Not really a parenting accomplishment, but Pig won a microchip ID in a raffle from his vet's open house a couple weeks ago. Although I don't think it will do much good for a hedgehog so I'm going to tell them to let someone else have the prize.


----------



## SpikeMoose (Dec 9, 2012)

I had coupons for Tractor Supply Store! They have some awesome deals, and are typically cheaper than pet stores to begin with. Total score!! 

And that's awesome, congrats! And how generous of you and pig. Maybe they could use it towards a dog from a local rescue or something?


----------



## abbys (Oct 13, 2012)

Yeah that's what I was thinking. Hopefully they'll give it to a needy pup. But they're really nice so I think they'll be willing to do that.


----------



## SpikeMoose (Dec 9, 2012)

Yay, that's great! Love good vets like that


----------



## zamxonk (Mar 6, 2013)

So I don't have as much hedgehog-related stuff to brag about, but I did want to brag about this past weekend.

I work Tues-Sat, and some Saturdays I start work around 11, so I can sleep in a bit. On weekdays, I catch Ambrose just as he's going to sleep for the day around 6:30-6:45, give him a footbath, and snuggle him for ~45 minutes before I go to work. On weekends, I've been lazy and often either skip the morning cuddle or do it around 11am.
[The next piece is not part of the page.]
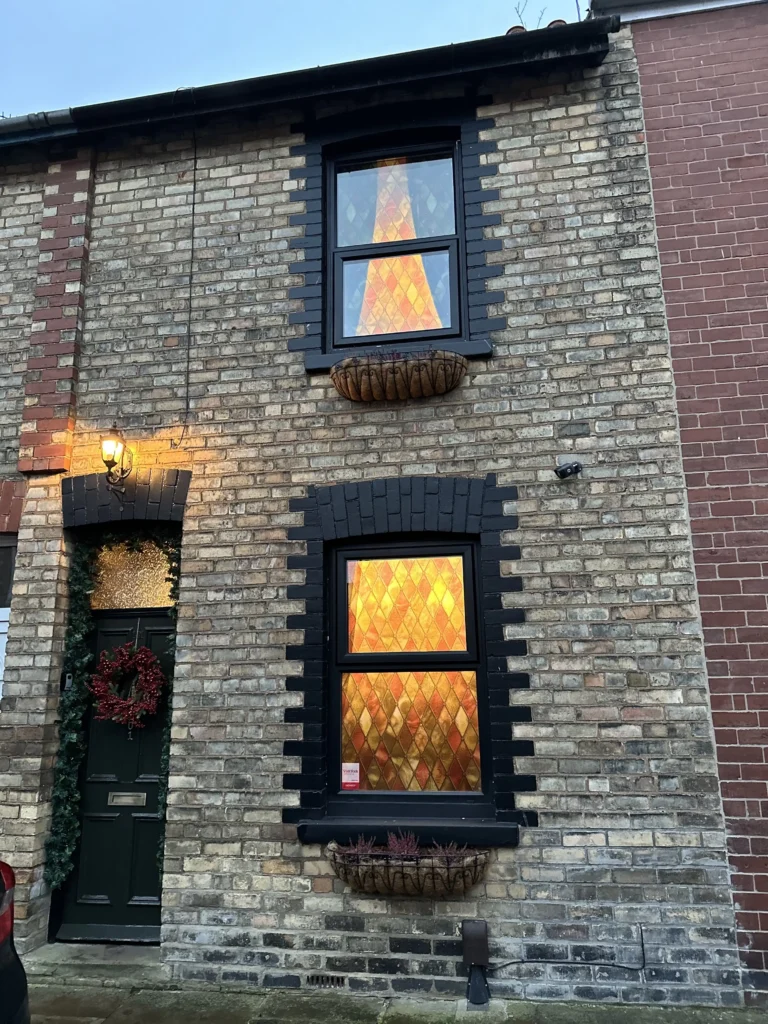 Outside of the Harry Potter-themed home which was turned into a witchy wonderland ahead of the festive season.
Saturday (starting work late) AND Sunday AND Monday, I got up before 7am to go through my morning routine with Ambrose! 

Plus I was uber busy (Saturday work+party, Sunday visit from another hedgie owner+RPG session, Monday biking+pet store+gym+necessary clothing shopping+dinner with friend) and I still cleaned his wheel every day before it was time for him to get up, and also swapped out old kibble for fresh before his light went off for the night! Usually the light going off is my cue to do it, and sometimes he gets up right after and is all   WHERE MY BOWL?

I did so good!


----------



## Annie&Tibbers (Apr 16, 2013)

I hate those little hedgie-eyes of accusation! A few times I've been actively cleaning his wheel when my small friend gets up, and he goes hunting around for it before giving up and just standing there, looking at me like a kicked his best friend. I DIDN'T STEAL YOUR WHEEL, I JUST BORROWED IT!!
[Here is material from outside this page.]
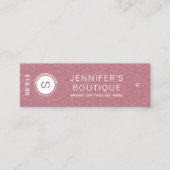 衣類ラベルスモールビジネスピンクホワイト コーリングカード (正面)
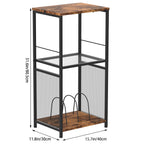 3-Level Turntable Console and Vinyl Storage Display, Matte Black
(So much koodos to all the accomplishments! I have a hedgehog sleeping with his head resting on my ankle. I have accomplished no astonishing hedgie-tasks, but I'm still very happy.)


----------



## abbys (Oct 13, 2012)

Piggy is being SUCH a good boy with his antibiotics!! I was nervous about having to give it to him with a syringe because this is the boy who won't let an extended nail trim session end without one of us bleeding, but he's doing really well and I'm so proud of him!


----------



## SpikeMoose (Dec 9, 2012)

Yay, Pig!!!! That must be such a relief. How is he doing? 

Zamxonk- wow, what a lucky hedgie you have! Serious dedication to be up on your morning off- extra impressed since I am NOT a morning person


----------



## zamxonk (Mar 6, 2013)

I have trouble with the "getting out of bed" and "interacting with other humans" parts of mornings, but I love to be the only one up, with tea and Ambrose.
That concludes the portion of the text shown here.